ATAC-Seq libraries often have a large number of mitochondrial reads depending on the library preparation.
zgrep ^CM qc.tsv.gz | egrep "Mapped|chrM"
Alternatively, one can use the interactive GUI and upload the json file.
./src/alfred qc -r <hg19.fa> -b maps/hg19.promoter.bed.gz -f json -o qc.json.gz <atac.bam>
Alfred can also assign reads to gene annotation features from a GTF file such as counting reads by gene or transcript identifier.
cd gtf/ && ./downloadGTF.sh
./src/alfred count_rna -g gtf/Homo_sapiens.GRCh37.75.gtf.gz <align.GRCh37.bam>
For DNA sequencing, Alfred can be used to calculate the coverage in overlapping or non-overlapping windows or in given set of intervals.
./src/alfred count_dna -o <cov.gz> <align.GRCh37.bam>
To plot the whole-chromosome coverage profile for chr1-22 and chrX.

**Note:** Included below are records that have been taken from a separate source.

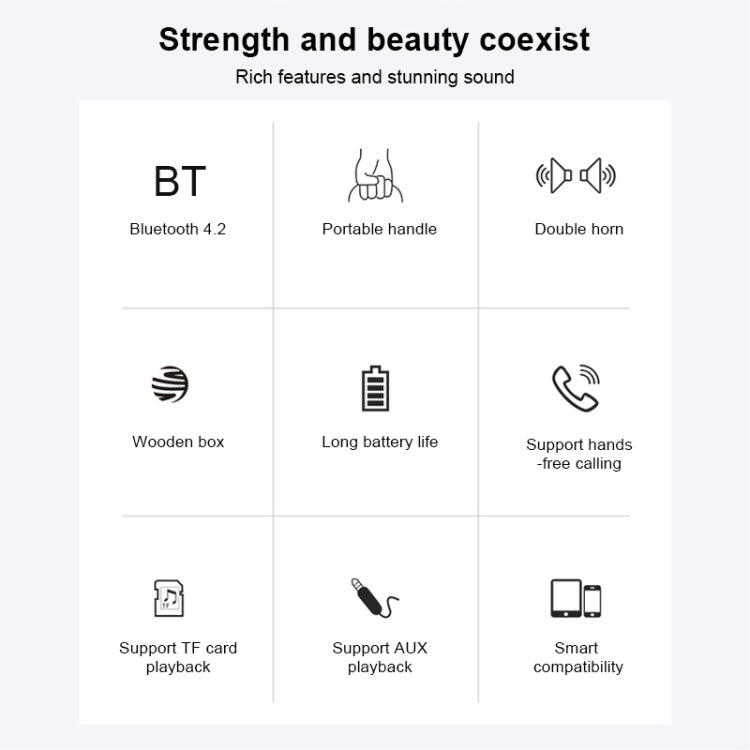 D10 Bluetooth 4.2 Tragbarer Bluetooth-Handlautsprecher aus Holz, D10(Red Wood Texture), D10(Bamboo Texture)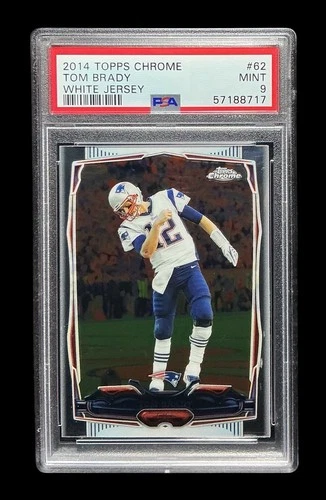 2014 topps chrome #62 tom brady; end zone SSP white jersey image variation PSA 9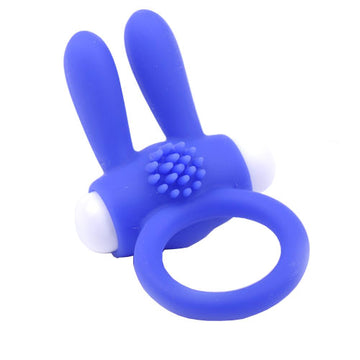 Blue Silicone Cock Ring with Rabbit Ears – Adjustable & Vibrating for Enhanced Pleasure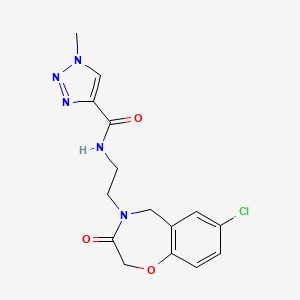 molecular formula C15H16ClN5O3 B2390764 N-(2-(7-chloro-3-oxo-2,3-dihydrobenzo[f][1,4]oxazepin-4(5H)-yl)ethyl)-1-methyl-1H-1,2,3-triazole-4-carboxamide CAS No. 1903164-80-6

Rscript scripts/rd.R <cov.gz>
Alfred can also be used to annotate peaks from ChIP-Seq or ATAC-Seq experiments. For instance to annotate overlapping/neighboring genes up to a distance of 10,000bp:
./src/alfred annotate -d 10000 -g gtf/Homo_sapiens.GRCh37.75.gtf.gz <peaks.bed>
Motif annotation can also be done. For example:
cd motif/ && ./downloadMotifs.sh
./src/alfred annotate -r <hg19.fa> -m motif/jaspar.gz <peaks.bed>
The github source code includes a minimal example to check that alfred compiled properly from source and that the web front end is working.
./src/alfred qc -r example/E.coli.fa.gz -o example/stats.tsv.gz example/E.coli.cram
Rscript scripts/stats.R example/stats.tsv.gz
For the web front end.
./src/alfred qc -r example/E.coli.fa.gz -f json -o ecoli.json.gz example/E.coli.cram
Please upload ecoli.json.gz to the Alfred web application.
The Alfred web application includes a multi-sample example for whole-exome data including multiple read-groups. Additional examples for whole-genome sequencing, long-read sequencing, Hi-C, ATAC-Seq and other data sets are coming soon.
htseq-count was used to benchmark and validate the RNA read counting.